The whales are aided by a complex network of protected areas and shipping restrictions. However, scientists have sounded alarms recently that the whales have been straying outside of protected areas in search of food as waters warm. That has made them more vulnerable.
Representatives for CMA CGM, which has a U.S. headquarters in Norfolk, said the company chose to locate buoys off the Virginia city and Savannah because those are among the busiest shipping ports in the United States. Ed Aldridge, president of CMA CGM America, said it’s an effort to “responsibly share the ocean with marine mammals and protect endangered species.”
The company is paying for the construction, maintenance, and operation of the buoys for three years, said Heather Wood, director of sustainability for CMA CGM America. The company declined to disclose the cost of the project. It hopes to build a consortium of shippers that use this kind of technology to protect whales, Wood said.
“It’s an investment we’re making in the future of the seas and the future of the right whale,” she said.
Acoustic recorders have tracked whale sounds for decades, but the buoys that provide sound in near real time are a relatively recent invention, Baumgartner said. The robotic buoys make data available every couple of hours as opposed to months later, he said.

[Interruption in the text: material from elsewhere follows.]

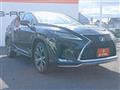 2021 Lexus RX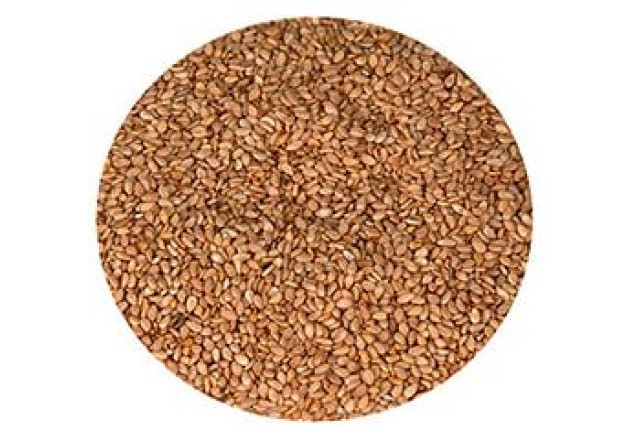 EU/NOP Organic Sudanese Golden Sesame Seeds - 1 Ton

The results go on a public website and are also used by federal authorities to help make decisions about when to announce “right whale slow zones,” which call on vessel operators to slow down to 10 knots (11.5 mph) or less.
The data “allow(s) us to send information to mariners quickly so those that are able can take action (by slowing down or avoiding the areas) to reduce the risk of vessel strike, which is one of the largest threats to this endangered population,” scientists Diane Borggaard and Genevieve Davis of the National Oceanic and Atmospheric Administration said in a joint statement.
Conservation groups and academics also use the data collected by the robotic buoys. They’re also used on the West Coast to help protect blue, fin, and humpback whales, said Callie Steffen, a project scientist with Whale Safe in Santa Barbara, California.
“We hope shipping companies will integrate this,” Steffen said. “It’s a Smokey Bear fire warning, but for whale presence.”